▸ To do
Each entry below should be printed exactly, with every image left out.

╔══

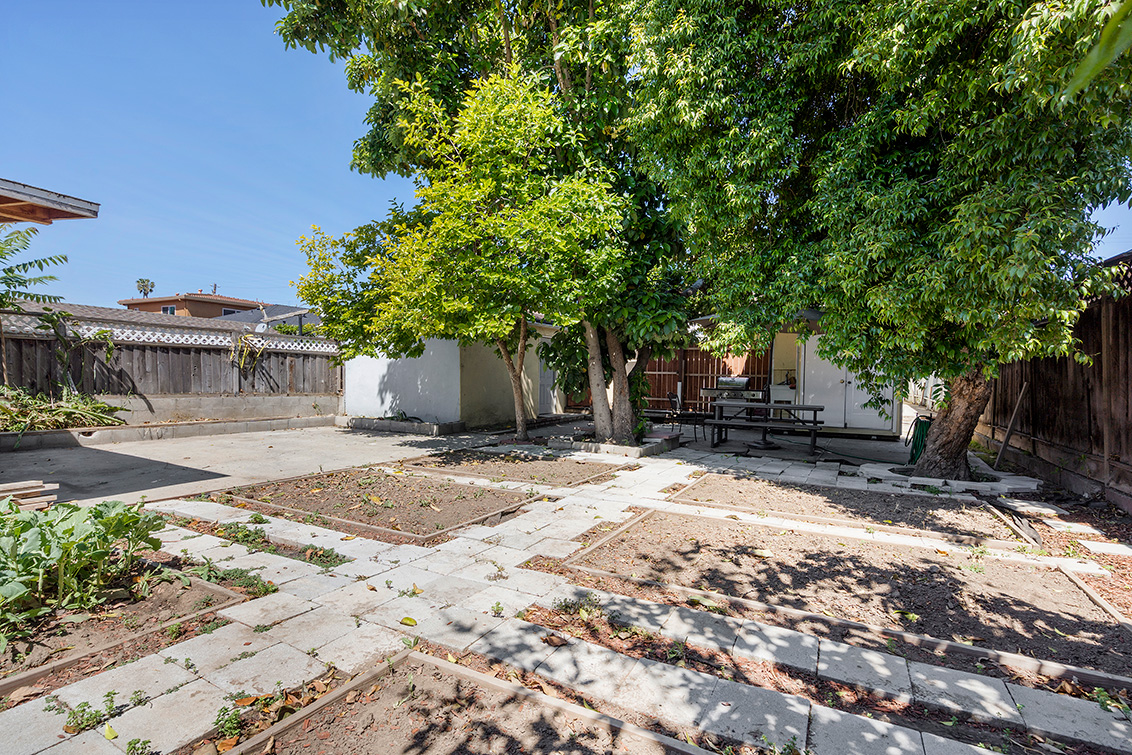 Backyard (A) picture - 126 E Humboldt St, San Jose 95112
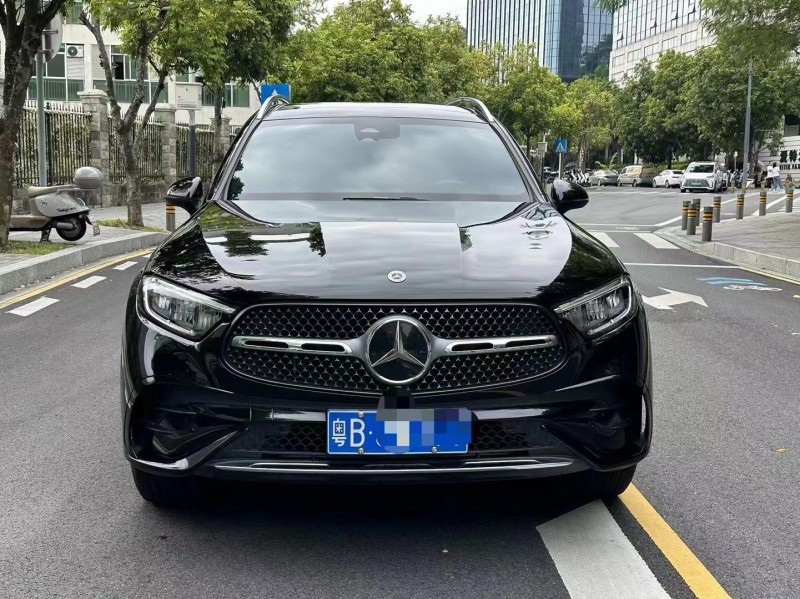 深圳23年奔驰GLC1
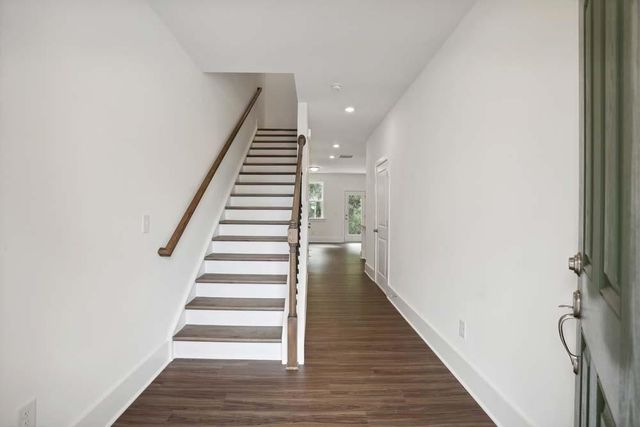 1621 Gunnin Trace NW, Atlanta, GA 30318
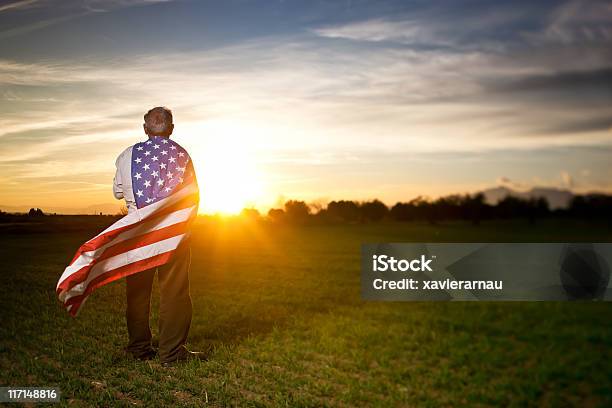 Proud — стоковые фотографии и другие картинки Звёздно-полосатый флаг - Звёздно-полосатый флаг, Взрослый, Закат солнца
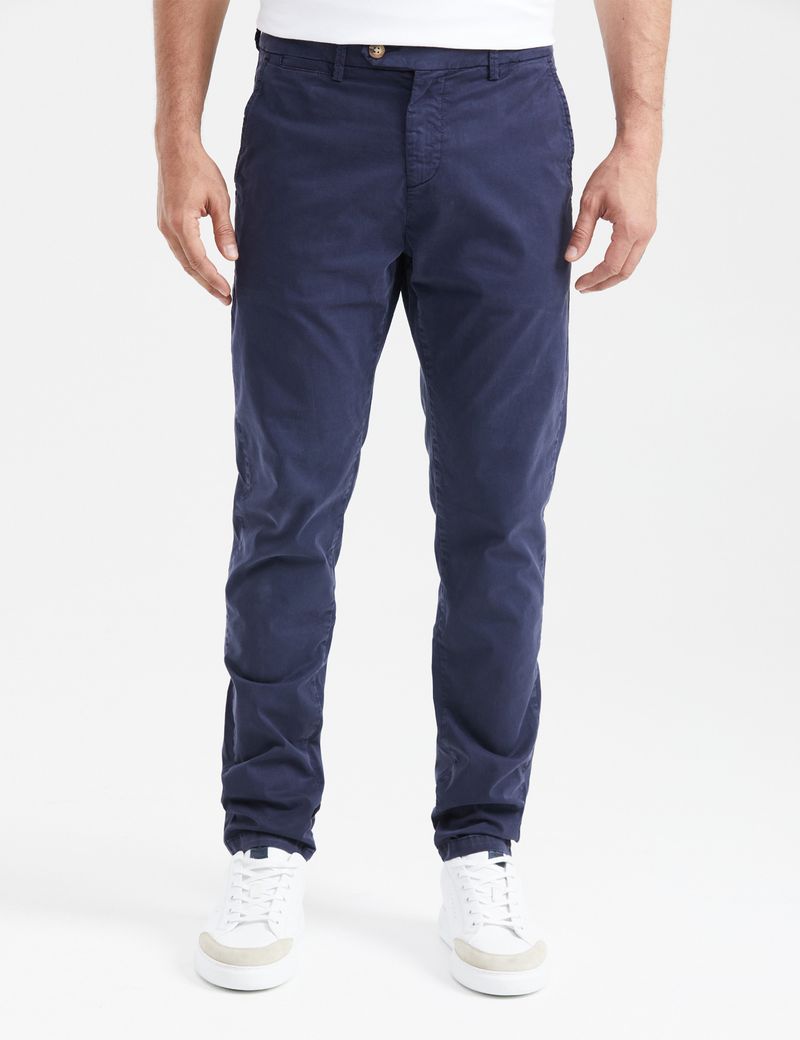 PANTALON-HOMBRE-CHINO-CHEVIGNON-631G001-AZUL-1.JPG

╚══

▸ Answer section
 Backyard (A) picture - 126 E Humboldt St, San Jose 95112
 深圳23年奔驰GLC1
 1621 Gunnin Trace NW, Atlanta, GA 30318
 Proud — стоковые фотографии и другие картинки Звёздно-полосатый флаг - Звёздно-полосатый флаг, Взрослый, Закат солнца
 PANTALON-HOMBRE-CHINO-CHEVIGNON-631G001-AZUL-1.JPG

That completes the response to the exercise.